The Idolatry of Intellectualism

There is nothing wrong with the human intellect in itself. It is a wonderful tool for expressing spiritual revelation. That is how the Church Fathers used it – as a tool – and no more. However, there is a danger – when the intellect turns into an ism, intellectualism, in other words, when the intellect is used idolatrously as an end in itself, when it is no longer at the service of the expression of the heart cleansed and enlightened by the grace of the Holy Spirit. Then theology, the knowledge of God granted to the cleansed heart, is no longer expressed and, though this knowledge may still be called theology, in fact it is mere philosophy, the speculations of the intellect become an end in itself.

All heretics committed this error. It was the error of Judas, who thought that he knew better than God and, wanting to correct Him, so killed Him (which is also the error of modern Western Secularism, which so admires Judas, with its ‘God is dead’). It was the error of the Gnostic Origen, who idolatrously put intellectualism in the place of God and so is admired by modern renovationists. It was the error of Arius and Nestorius, whose little minds could not accept the mystery of Christ the God-Man and so put the personal pride of their rationalistic speculations above God. It was the error of the filioquists, who put their reason above the mystery of the Holy Trinity.

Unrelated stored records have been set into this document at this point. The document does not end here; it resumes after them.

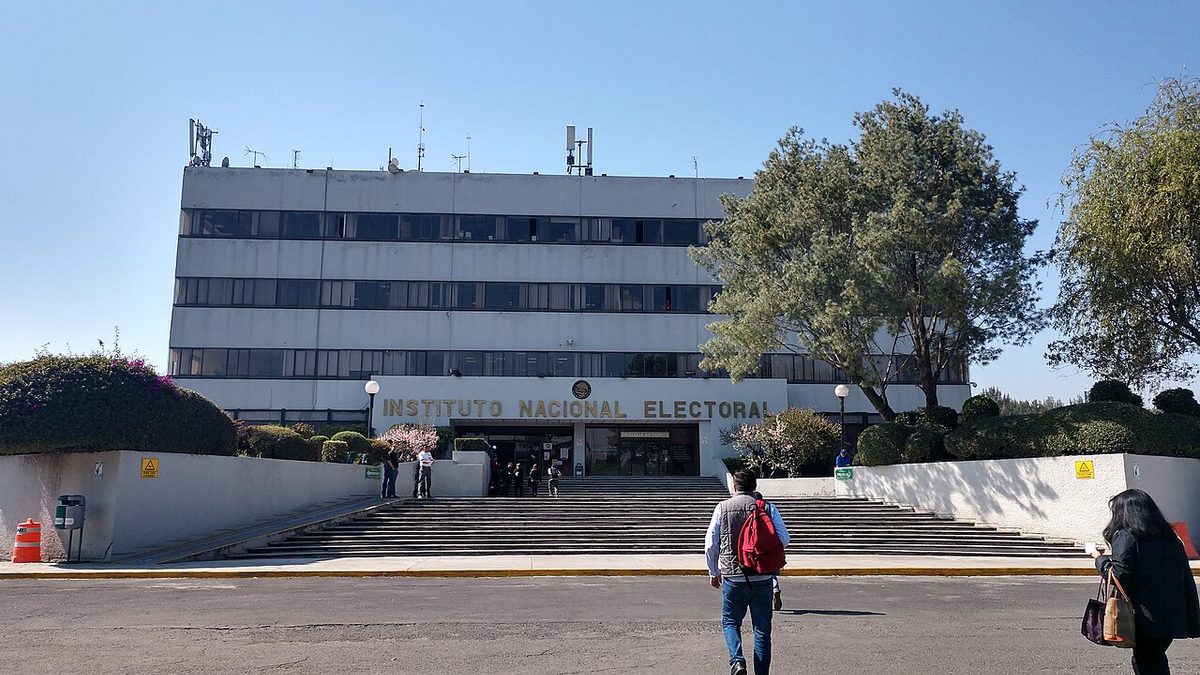 Edificio de la sede central del Instituto Nacional Electoral en Tlalpan, Ciudad de México, fotografiado en 2018.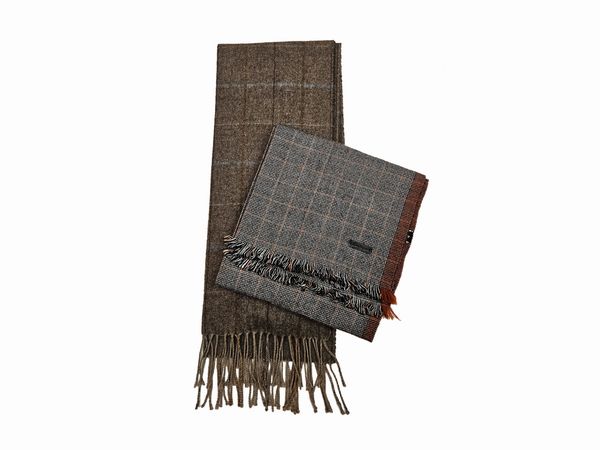 Salvatore Ferragamo - Due sciarpe, una in cashmere l'altra in lana  - Asta Vintagemania - Associazione Nazionale - Case d'Asta italiane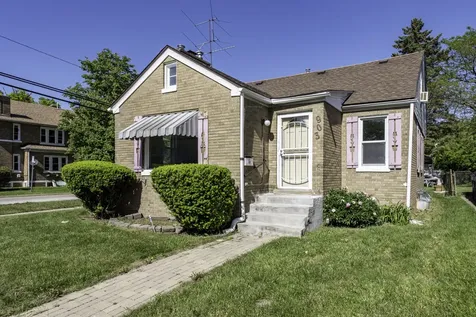 903 South Mcalister Avenue Waukegan IL 60085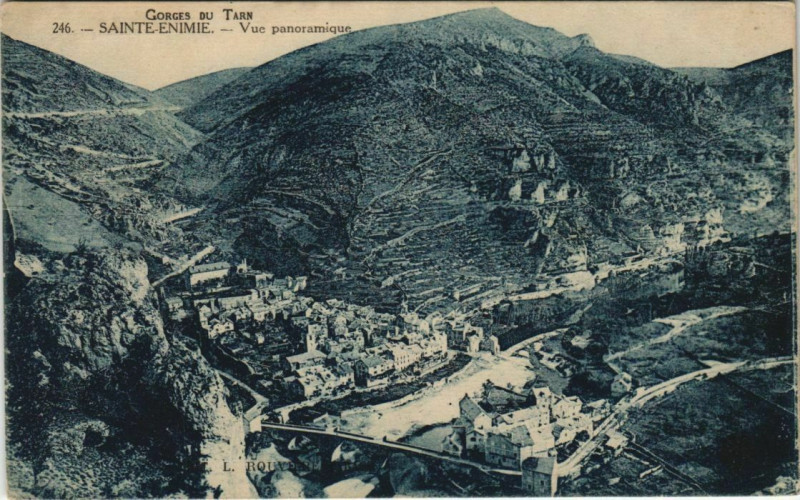 Carte postale ancienne Ste Enimie Vue Panoramique France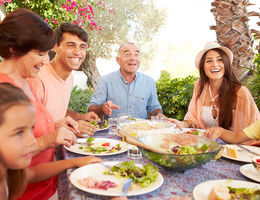 Diners Researchers have found that adhering to the 2015 Dietary Guidelines for Americans pays significant health dividends even for people living outside the United States.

It was the error of the Western Scholastics, whose Greek heir was the heretic Barlaam, who could not personally know God because of the impurity of his heart and asserted that therefore no-one could no God, but was put in his place by the great St Gregory Palamas, who had seen the glory of God. It was the error of Paisius Ligarides, the papist sodomite intellectual who tried to betray the Russian Church in the 17th century. And it was the fantasy and error of the Parisian heretic Fr Sergius Bulgakov with his Sophiology heresy, denounced by two 20th-century saints of the Church Outside Russia, St John of Shanghai and St Seraphim of Sofia.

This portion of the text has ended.